From Germany, my literary journey next took me to the United Kingdom. D.H. Lawrence’s Sons and Lovers is not technically part of any of my ongoing reading challenges, and yet, it is. After all, it’s listed among the 1,001 Books You Must Read Before You Die, and it’s my annual goal to read at least twenty books from that list. I believe Sons and Lovers is only the seventh title I’ve read from the list this year. Hopefully, I’ll get to read more as the year moves forward. Furthermore, Sons and Lovers is just my second novel by Lawrence, the first being his most renowned work, Lady Chatterley’s Lover.

Originally published in 1913, the novel is set primarily in the fictional English coal-mining village of Bestwood in Nottinghamshire. We are first introduced to Gertrude Coppard, the polished and intelligent daughter of a “good old burgher family.” During a country Christmas dance, she meets Walter Morel, a rough-hewn coal miner. The two are swept into a whirlwind romance. Despite Gertrude’s religious and ascetic temperament, she is drawn to Walter’s vitality. However, her life begins to unravel after their marriage. Moving to a rented house disillusions Gertrude, who initially believed Walter was wealthy. She struggles to manage the household on his meager salary, and other women in the mining community find her haughty and aloof. She soon gives birth to William, whom she adores, but her relationship with her husband starts to deteriorate, especially after discovering that he cut off all of William’s hair when he was still a toddler. Still, Gertrude bears three more children. As the couple grows increasingly distant, she channels all her emotional energy into her children, while Walter finds solace in the local pub. William is clearly Gertrude’s favorite, but after tragedy strikes, she shifts her devotion to her second son, Paul.

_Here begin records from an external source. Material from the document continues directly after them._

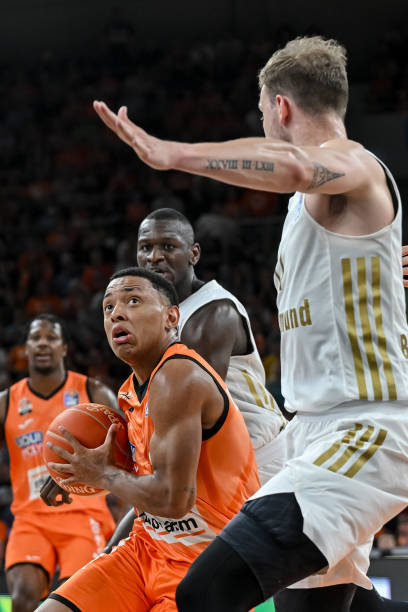 被迫出售核 被迫出售核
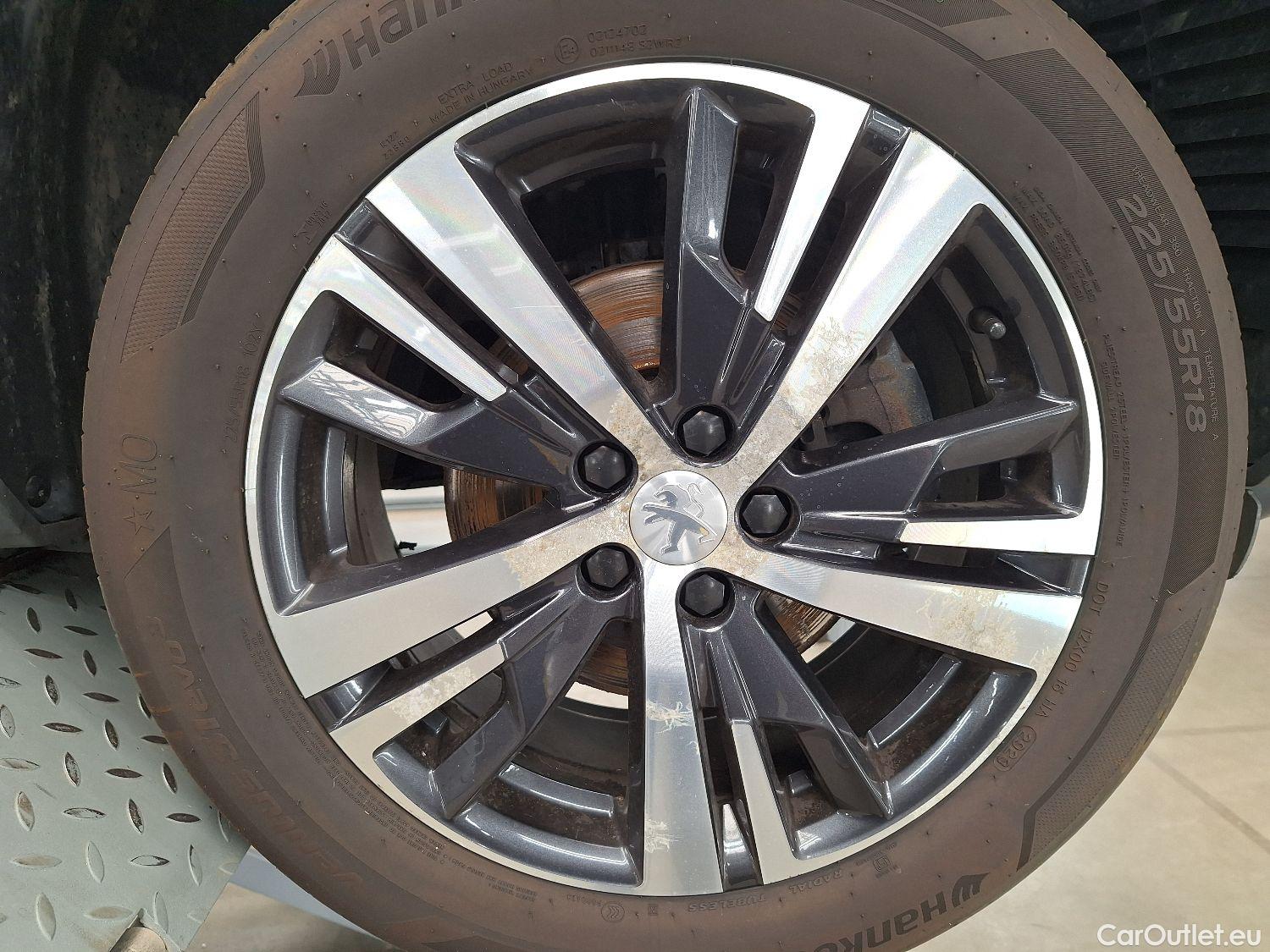  Peugeot  5008 Peugeot,  '16, Peugeot  1.5 BlueHDi 96kW S&S EAT8 GT Line 5d 7pl #1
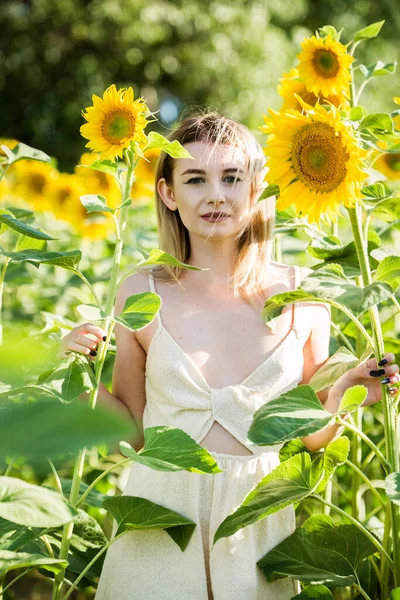 Krásná Evropská Dívka Bílých Šatech Přírodě Slunečnicemi — Stock fotografie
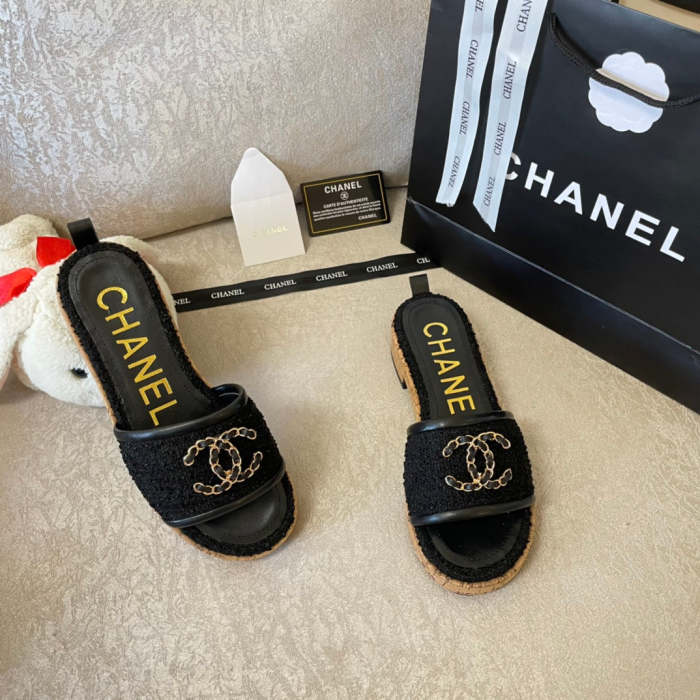 Flat leather sandals slippers , size 34-41 , with box, SS60-1345-1348
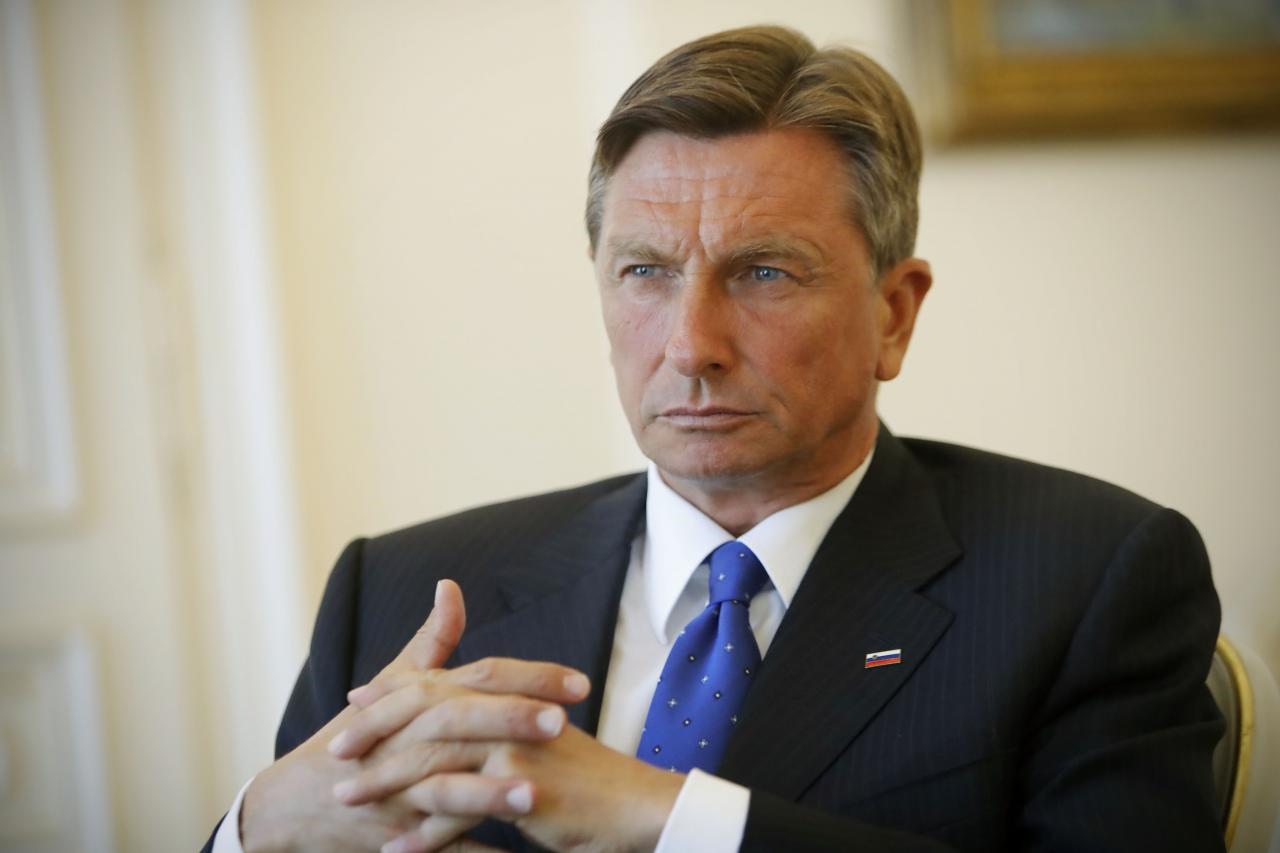 Borut Pahor gana segunda vuelta y es reelecto presidente de Eslovenia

Unlike his older brother, Paul is sensitive and artistically inclined. He is both repulsed by and drawn to his mother’s suffocating love. He fears leaving her but also yearns for independence and the experience of romantic love. This is where the novel draws its title. William, who moved to London, had also been engaged. Paul eventually finds love with Miriam Leivers, a farmer’s daughter who attends his church. Later, he also becomes involved with Clara Dawes, a feminist-leaning woman separated from her husband, Baxter. Sons and Lovers initially reminded me of other literary works, such as Lawrence’s Lady Chatterley’s Lover, and even Douglas Stuart’s Shuggie Bain. Still, it stands as a distinct work that explores the complexities of mother-son relationships, the emotional costs of parental influence, and early feminist themes. Sons and Lovers is a complex but ultimately satisfying read from the English wordsmith.